Em 2022, esperamos voltar a poder interagir com as partes interessadas e focar-nos na sensibilização nas escolas.
SV: Há já muito tempo pensamos que deveria existir um cartão de cidadão ecológico. É injusto um cidadão que se preocupa com a reciclagem, não ser valorizado como tal. Devemos valorizar quem está preocupado com este tema. Através de um cartão poderia existir uma aproximação ao cidadão para promover a reciclagem do óleo alimentar usado e de outros materiais.
SV: Em 2020 recolhemos 274 toneladas e em 2021 cerca de 335 toneladas. O nosso dia-a-dia não passa só pela recolha de óleos alimentares usados, mas pela limpeza dos pontos de recolha, pelos serviços mensais que prestamos aos nossos parceiros, entre outros. O nosso trabalho é muito mais do que a simples recolha de resíduos.
Na parceria com a Maia ambiente, mais do que duplicámos a recolha de 6 para 15 toneladas, apenas nos compartimentos (casas do lixo –prédio – porta a porta).
SV: A maioria dos projetos de recolha e tratamento de OAU têm surgido através de parcerias ou financiadas pelos Programas da Comissão Europeia. Contudo, ao contrário do que seria de esperar, por norma, a maioria destas iniciativas surgiram apenas no âmbito da Mobilidade Sustentável ou no contexto de incentivos ao uso de Energias Renováveis e, só mais recentemente, no âmbito também da Gestão de Resíduos, implementados quer por Agências de Energia, quer por Câmaras Municipais e Juntas de Freguesia, quer, por vezes, até, por Sistema Municipais e Multimunicipais.
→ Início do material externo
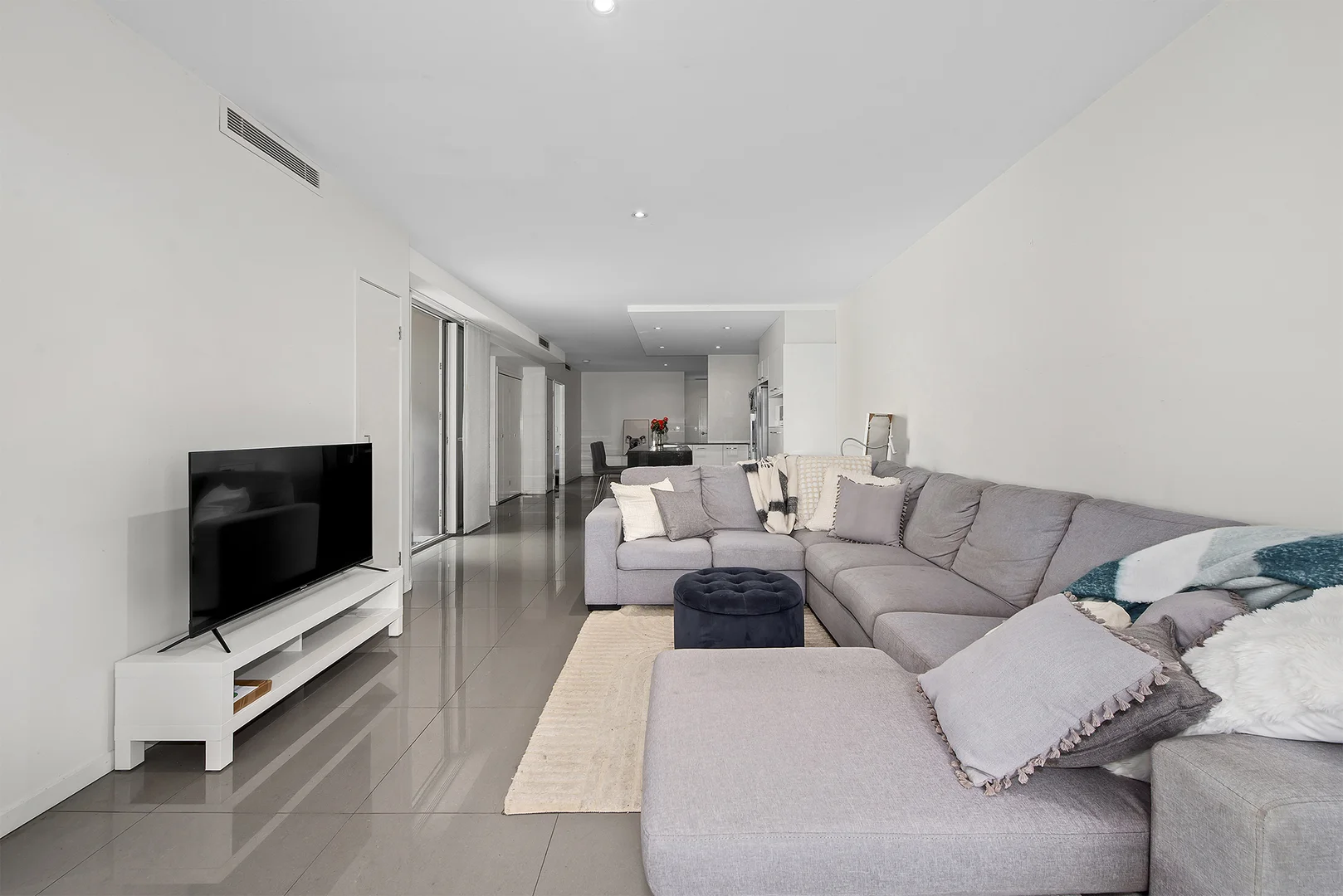 Additional image 4 of 4/15-17 Kennington Road, Camp Hill QLD 4152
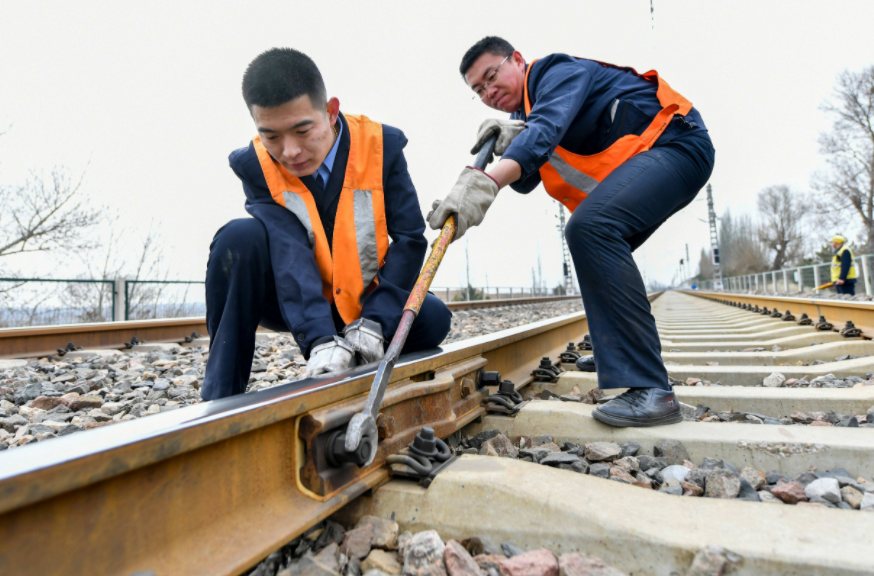 国企|国企中国铁路公开招聘，大学生可无需笔试，专业对口就有机会上岗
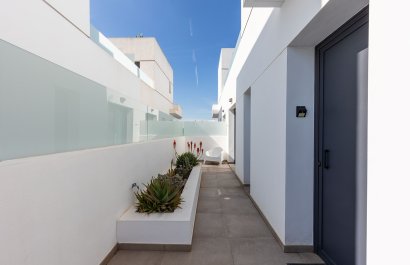 Resale - Townhouse / Duplex / Corner - Dolores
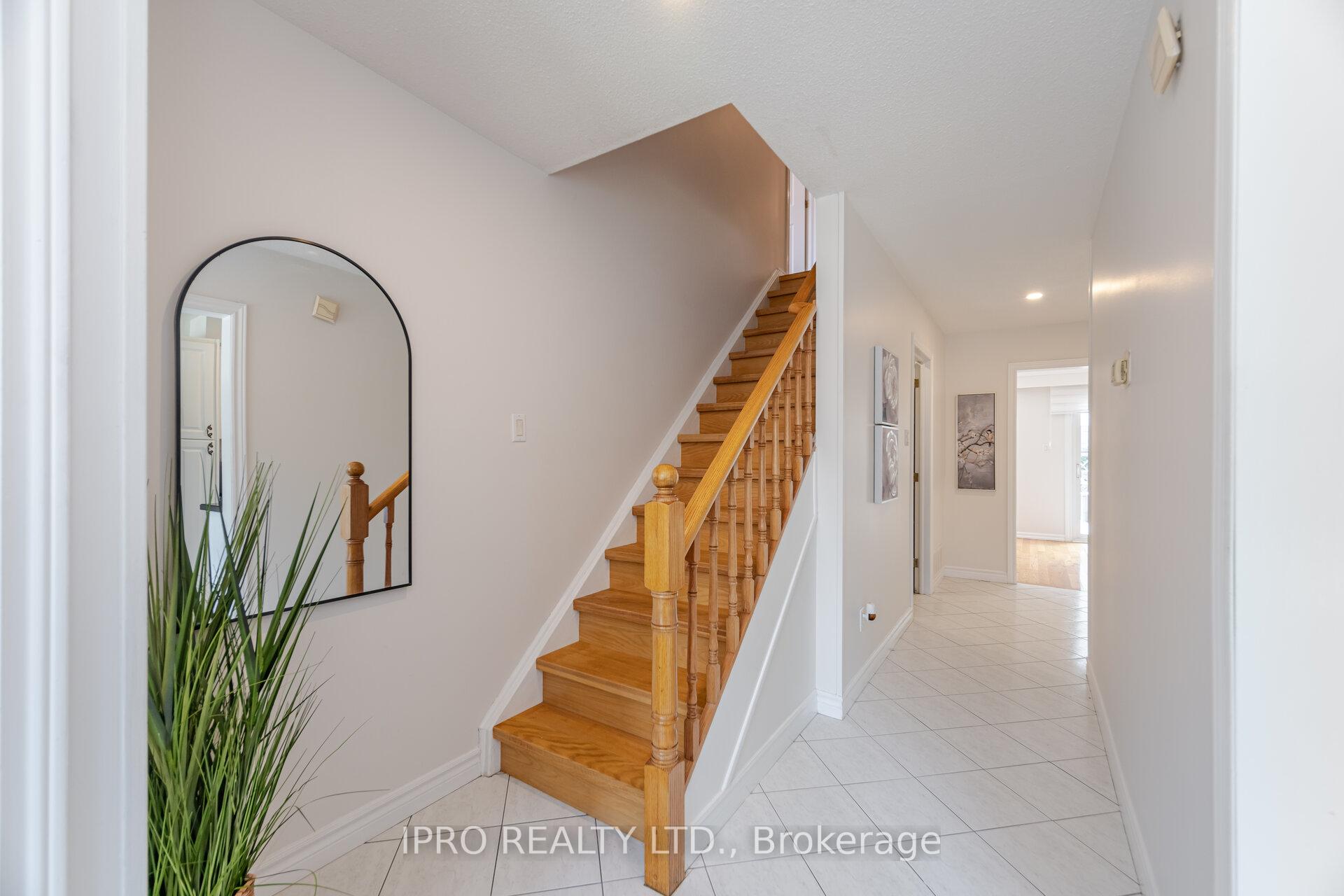 Photo 14 of 734 Briar Crescent, Milton, Dorset Park — HOMEH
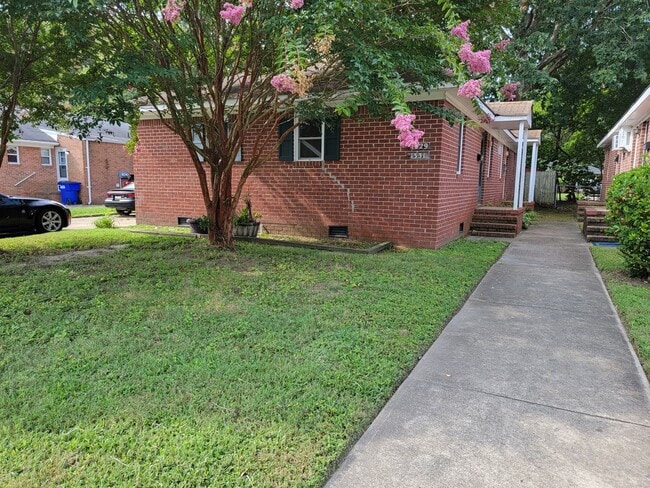 Building Photo - 2 Bedroom 1bath Oceanview/Bayview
Contudo, de acordo com o artigo 8.º do Decreto-Lei 267/2009, até 31 de dezembro de 2015, tinham de ser disponibilizados, pelo menos: 80 pontos de recolha por cada município com mais de 300 000 habitantes; 60 pontos de recolha por cada por cada município com mais de 150 000 habitantes; 30 pontos de recolha por cada município com mais de 50 000 habitantes; 15 pontos de recolha por cada município com mais de 25 000 habitantes; 12 pontos de recolha por cada município com menos de 25 000 habitantes.
Existe, portanto, um mercado vasto de recolha de OAU por explorar em Portugal.
SV: O nosso caso de sucesso é termo-nos mantido no mercado desde 2008 com todas as dificuldades que encontrámos no caminho. Começámos como produtora de biocombustível e, rapidamente, percebemos que o nosso propósito passaria por resolver primeiro o problema da subvalorização do óleo alimentar usado como matéria-prima para a descarbonização.
No futuro, ambicionamos expandir a nossa rede de recolha para mais municípios e espaços comerciais, crescer no setor Horeca e alargar o nosso âmbito de recolha para mais tipos de resíduos.